Au cours d’une interview accordée au très respecté journal Le Figaro, figure de proue de la droite conservatrice, Retailleau a plaidé pour la rupture de l’accord migratoire historique de 1968, qu’il qualifie d’« inégal et dépassé ».
Selon le ministre, la poursuite de cet accord, qui régule depuis des décennies la mobilité des citoyens algériens vers la France, n’est plus justifiée. Il s’est engagé à le dénoncer et, si cela ne se fait pas durant le mandat présidentiel en cours, ce sera une priorité après 2027.
En signe clair d’une volonté d’imposer des conditions à Alger, Retailleau a accusé le consulat algérien à Toulouse de délivrer « des centaines de passeports à des personnes en situation irrégulière », dénonçant cette pratique comme une manipulation.
Il a indiqué avoir demandé aux préfets de plusieurs départements français de ne pas reconnaître ces documents sauf s’ils sont émis conformément aux procédures officielles, ce qui revient en pratique à suspendre la validité légale des passeports algériens délivrés dans des conditions « soupçonnées ».
Le ministre a réaffirmé son attachement au principe de réciprocité, critiquant vivement ce qu’il considère être le refus systématique de l’Algérie d’appliquer l’accord de réadmission des migrants en situation irrégulière de 1994. Il a qualifié cette position de manquement aux obligations internationales et averti que la France « ne restera pas les bras croisés ».
Il a également annoncé la préparation d’un dispositif visant à restreindre l’entrée, la résidence et la mobilité des membres de l’élite algérienne, qu’il accuse, sans en nommer, de mener des campagnes de diffamation contre la France. Cette déclaration pourrait toucher des figures politiques et culturelles critiques envers Paris.
Concernant l’accord d’association en cours de négociation entre l’Algérie et l’Union européenne, Retailleau a appelé à sa suspension immédiate, estimant que l’Algérie profiterait excessivement des avantages douaniers sans contrepartie équitable.

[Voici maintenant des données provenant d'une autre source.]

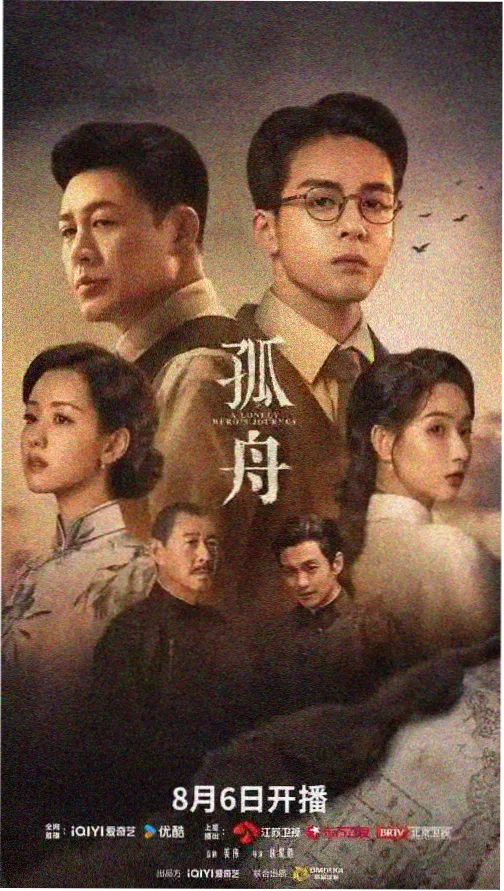 漫剧大全北线石阶台连载名片封面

Pour finir, le ministre a lié la situation de deux citoyens français incarcérés en Algérie, l’écrivain Boualem Sansal et le journaliste Christophe Gleizes, à la conduite des dossiers algériens, laissant entendre que Paris pourrait se servir de cette situation comme levier de pression. Ce développement augure d’un possible durcissement supplémentaire dans des relations franco-algériennes déjà fragiles.
Points à retenir
- Le ministre Retailleau souhaite mettre fin à un accord migratoire vieux de plus de 50 ans, signe que les bonnes vieilles habitudes ont parfois une date de péremption.
- L’affaire des passeports « suspects » montre que la question administrative peut vite devenir un enjeu politique et diplomatique délicat.

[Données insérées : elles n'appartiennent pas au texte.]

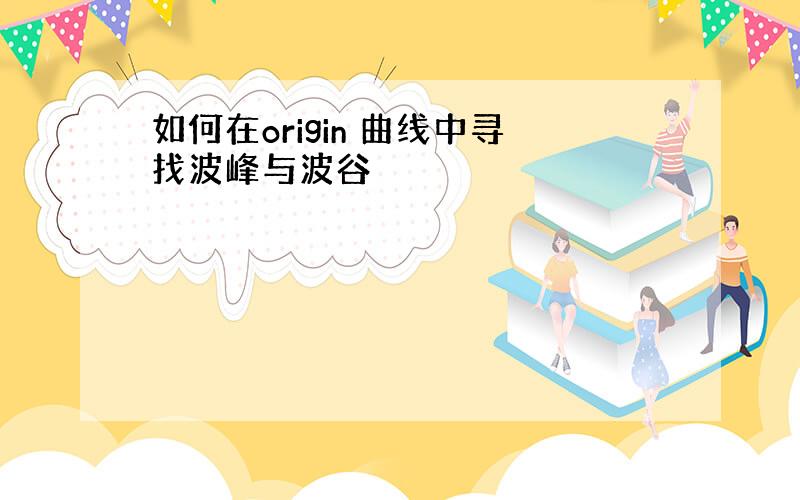 如何在origin 曲线中寻找波峰与波谷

- La fameuse réciprocité est brandie comme une arme aussi efficace qu’un casse-tête pour tenter de faire plier les partenaires.
- Les membres de l’élite algérienne passent dans le viseur sans précision, un coup d’épée dans l’eau qui pourrait finir en coup d’éventail de scandales.
- La négociation entre Alger et Bruxelles pourrait se transformer en froid glacial si l’Algérie n’amène pas sa part du gâteau.
- Finalement, l’emprise sur des figures culturelles et journalistiques incarcérées rappelle que le théâtre diplomatique mêle souvent les rôles de victimes et de manipulateurs.
En somme, on assiste à une partie de bras de fer où chaque camp joue serré, mais où personne ne semble réellement prêt à céder. Alors, la France va-t-elle réussir à faire plier l’Algérie, ou se condamne-t-elle à voir ce dossier s’enliser dans une diplomatie à coups de passeports invalidés et de menaces voilées ? Personnellement, j’ai pris mon popcorn, parce que ce feuilleton risque de durer, et que la sérénité n’est probablement pas au programme.